«Сердечное, горячее спасибо за Вашу чудесную книгу! И тем особенно ценна она, что вся-то она, по мыслям и в особенности по чувствам, читающему (русскому, конечно, православному, конечно!) уже знакомая, своя, родная: ничего в ней выдуманного, “сочиненного” нету! ее не “писатель” “сочинил”, а душа великого народа творчески создала, в жизнь воплотила, перечувствовала, выстрадала и вымолила. Оттого в ней все – родное, русское и общее (не индивидуальное), православное, соборное, то есть братское», – сообщал Розанову московский славянофил В. А. Кожевников.
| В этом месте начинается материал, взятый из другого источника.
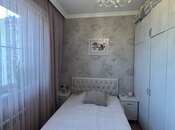Продаётся 2-комн. новостройка 63 м², photo 8 from 8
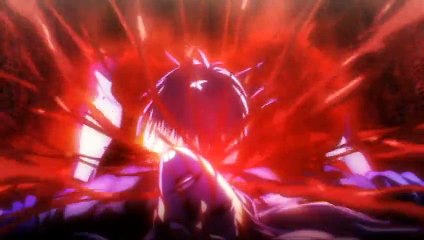 Classement des dix meilleurs animes d'horreur  Fun Fan FUN Videos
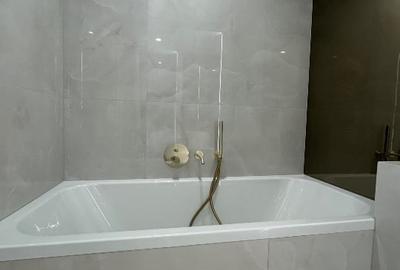 Proprietar | Cortina North - Pipera | Studio - Garsoniera  | De închiriat - 10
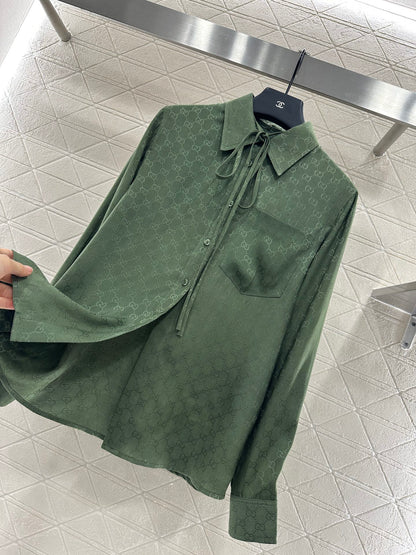 G*♥ 2025 New Arrivals Shirts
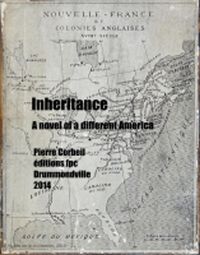 Produktbild: Inheritance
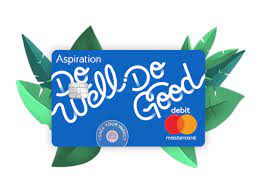 Money orders and cashier's checks can each be helpful if you need a more secure payment method than a personal check or cash — or if you don't have a checking account. Wells Fargo Rip Off Alert Legal Order Processing Fee On State Garnishment Poor And Pissed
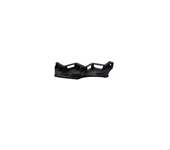FAR ALT BRAKETI SAG PASSAT 06>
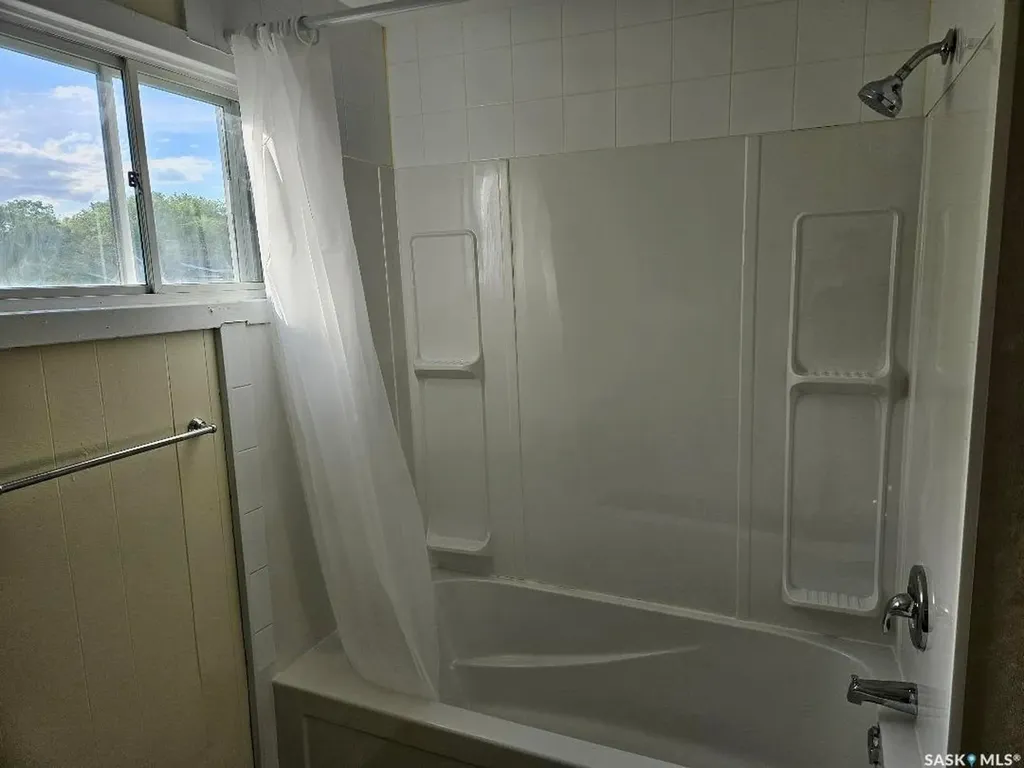 1292 106th Street North Battleford SK S9A 1X2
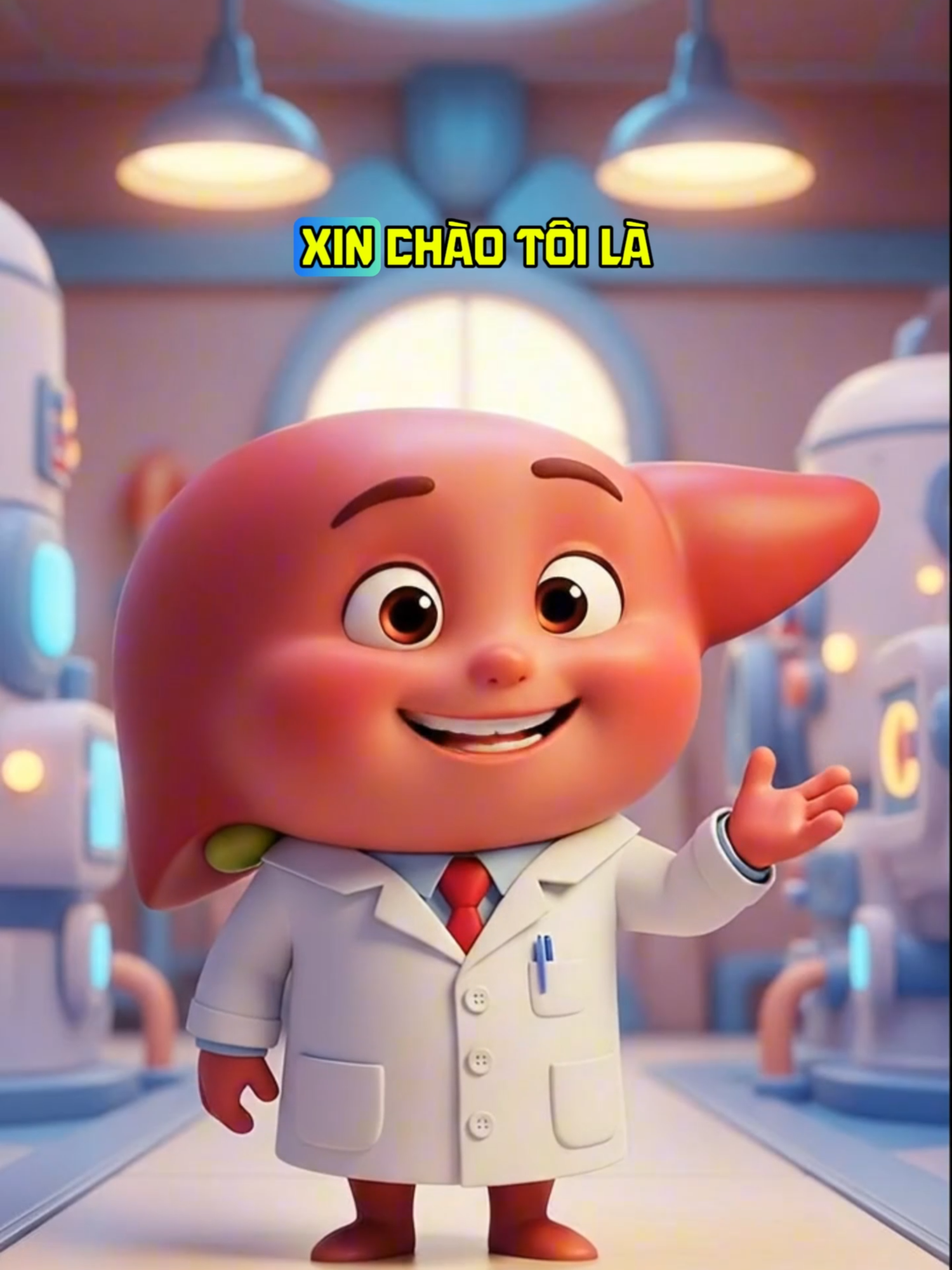 Ăn 5 loại rau này Gan bạn khỏe mạnh mỗi ngày! 1. Bông cải xanh 2. Củ dền 3. Tỏi 4. Cà rốt 5. Rau chân vịt#mrdsongkhoe #suckhoe #kienthucdinhduong #dinhduong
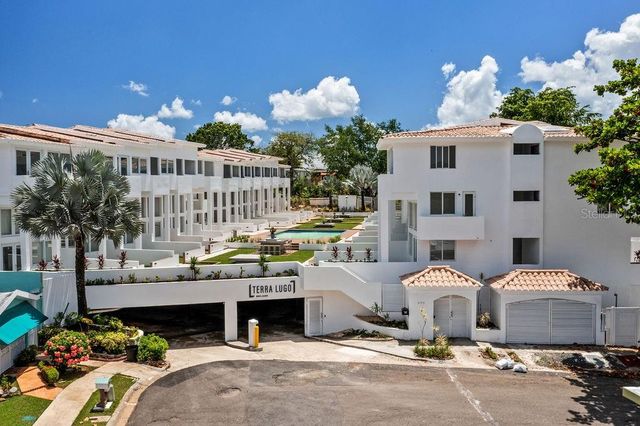 250 CALLE 10 A6, San Juan, PR 00926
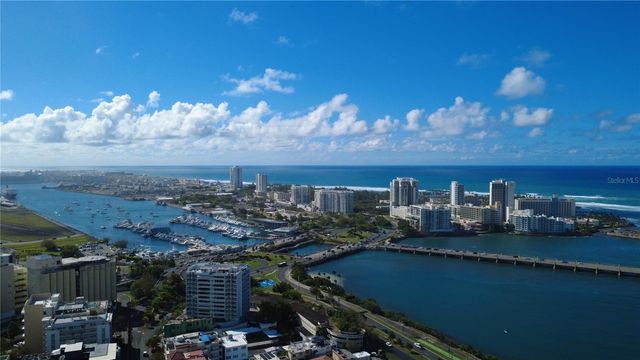670 AVENIDA PONCE DE LEON 404, San Juan, PR 00907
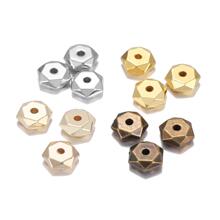 CCB�����w�g����DIY�Ʒ���7mm�����ִ�����g�������������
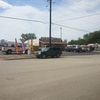 RV Park: Big Tex RV Park, Tioga, ND
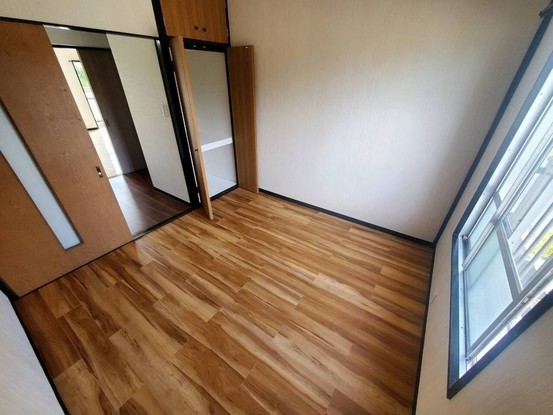 apartment 千葉県習志野市東習志野５丁目19-17 宮澤マンションC号室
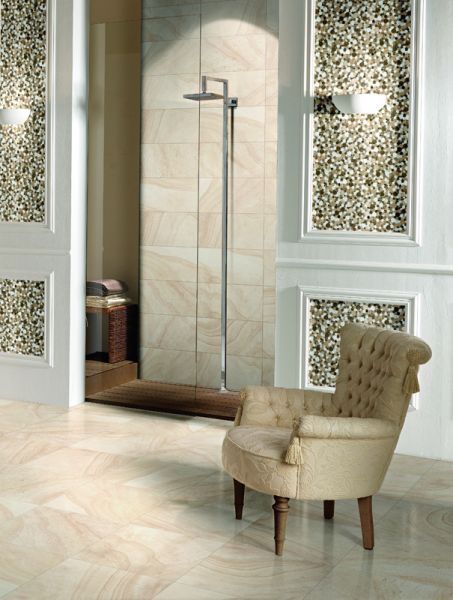 Nimes Pebbles Mosaic Black White Boxer Nimes Pebbles Mosaic Black White Boxer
«Читаю принесенную мне С. А. Цветковым Вашу последнюю книгу – о войне. Не нахожу слов, чтобы выразить Вам свою радость по поводу ее. Скажу одно: Да воздаст Вам Господь за труд сей», – заключил не кто-нибудь, а сам авва Михаил Новоселов, доселе (а также далее) высказывавшийся о В. В. резко отрицательно.
Раскритиковал ее, и очень жестко, причем даже не саму книгу, а ее создателя, Николай Бердяев, и на бердяевской рецензии есть смысл остановиться подробнее, ибо известный философ-персоналист сформулировал в статье «О вечно-бабьем в русской душе» очень важные для понимания своего коллеги и страны, в которой они живут, вещи.
Но прежде – еще о детях Розанова.
Судьба девушки
Горше всех домашние нестроения тех грустных лет переживала старшая дочь Василия Васильевича Татьяна. «Таня… измученная и чуть не накануне самоубийства (что очень могло бы с ней случиться и против чего не была возможна никакая борьба, ибо она отчаялась в жизни, в людях, в дальнейшем своего “я” и особенно в родителях), – писал Розанов даже не самому отцу Павлу, но его жене Анне Михайловне, рассчитывая на женское понимание. – Сама по себе она чудный ребенок с безгранично доверчивой душой, и нежной, внимательной и чуткой. Дома случилось расстройство, о котором Вы, вероятно, знаете от о. Павла, и бедное ее сердишко попало в щель этого расстройства и тем раздавила это сердце. Такое горе было».
Это была та самая Татьяна, с кем заходил Василий Васильевич много лет назад во Введенскую церковь на петербургской, глухой, далекой стороне и ощущал себя в этом храме изгоем, та самая девочка, вторая после умершей в младенчестве Нади его дочка, за жизнь которой он так боялся в ее ранние годы, да и позднее тоже. Она была вскормлена, напоена этим отцовским животным страхом, и можно предположить, что и сама Татьяна Васильевна, «мечтательная и мрачная», по определению своей младшей сестры, «тревожно внимавшая отцу», понимала, а что не понимала, то ощущала, догадывалась и с раннего детства запоминала, вбирала в себя, впитывала тайны, связанные с ее семьей и с проклятьем, которое над ней тяготело. У нее был иной «роман взросления», нежели у ее сводной сестры Александры, но тоже очень непростой и по-своему очень горький. Надежда Васильевна Розанова недаром позднее писала в своих чудесных мемуарах о Татьяне Васильевне, противопоставляя ее другим сестрам: «Мы раздражали ее своей живостью, а она докучала нам своей грустью. В сущности, у нее почти не было “детства”, и мы в 16 лет прозвали ее бабушкой».
«Я была ригористична, прямолинейна, требовательна к себе, но еще более к другим. Я осуждала многих, особенно сестер за их легкомыслие, и эта черта моя делала, в сущности, меня несчастной. Родители мои любили и жалели меня, а сестры меня недолюбливали и боялись, – признавала она сама. – Я росла замкнутым, нервным и не по летам серьезным ребенком».
Насчет нелюбви сестер Татьяна Васильевна, скорей всего, ошибалась, но вот в том, что касалось ее собственной замкнутости и нервозности, – нет.